In many ways, Ashtone Morgan and Jonathan Osorio’s stories are the ones that Toronto FC was created to write. Hometown boys, who grew up watching the games in the stands and were inspired to pull on the red of both TFC and the national team.
It hasn’t happened nearly enough. For every Osorio and Morgan, there have been numerous young Canadians who either didn’t have the talent or didn’t get the opportunity. Even the pair, the most successful “homegrown” talent, has had a rocky road to get here.
But the latest chapter in both of their careers has been something special. As the club fought its way to the most important game in its history, the second leg of the Concacaf Champions League final, the pair has been playing the best soccer of their lives.
Ask Toronto FC fans, and they probably wouldn’t care who scored the goals and delivered the big moments that have gotten the team to this point. But it does make the run extra special that a couple of hometown boys have been front and centre.
Should Toronto win tomorrow, Osorio is the frontrunner to win player of the competition. He leads all players in scoring with four goals, already double what he produced all of last season.
More than that, he has used this tournament to firmly establish his reputation as a big game player. Osorio delivered what looks to be a career-altering performance in Toronto’s 2-0 MLS Cup win over the Seattle Sounders and has been riding that confidence wave ever since.
Toronto FC has found an even less likely hero, however, in Ashtone Morgan. Injuries and acquisitions had put the 27-year-old fullback on the very fringes of the club’s roster. Morgan had only started three games since 2015.
After an injury to Justin Morrow in the CCL quarter-finals, Morgan has started three straight games. In that time he scored a massive goal to put Toronto FC up 3-1 against Club America, it was a deficit too big for the Mexican club to overcome.
During that time Jozy Altidore also delivered this telling quote when I asked him about what Morgan means to the club.
“From the day I got here it was more important to get the approval of [Morgan] and [Osorio] and the Toronto boys than anybody else because they’ve been here from the start,” said Altidore. “To see him play today, every time Ash is on the field I want to play well for him because he means a lot to this city and he means a lot of each one of us.”

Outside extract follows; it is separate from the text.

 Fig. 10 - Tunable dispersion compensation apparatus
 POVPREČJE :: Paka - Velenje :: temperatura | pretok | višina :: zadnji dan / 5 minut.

More than anybody else on the team, Osorio and Morgan understand the trajectory of this club and what it has taken to get to this point. Osorio has pulled on the shirt more than any other player in Toronto FC history, while Morgan has worn it for the longest.
They’ve both gotten to this point because of perseverance and hard work. Morgan fought through injury after injury, new acquisition after new acquisition to find his way back onto the field. Osorio, meanwhile, played the least amount of minutes of his career last season, dropped down the depth chart, but found a way to start the most important game of the year.
“[There was] some really tough times when I felt I deserved more,” Osorio said after winning the MLS Cup. “A big virtue I learned a lot this year is patience.”
Those are the kinds of role-models can make a difference. Guys who young Torontonians themselves, male and female, can look up to and one day hope to follow in their footsteps. People who grew up in the same neighbourhoods and play on the same pitches that these two have long called home.
On the biggest stage, and with so many eyes on the club, that matters. It adds just a little bit more significance to everything Toronto has been able to accomplish.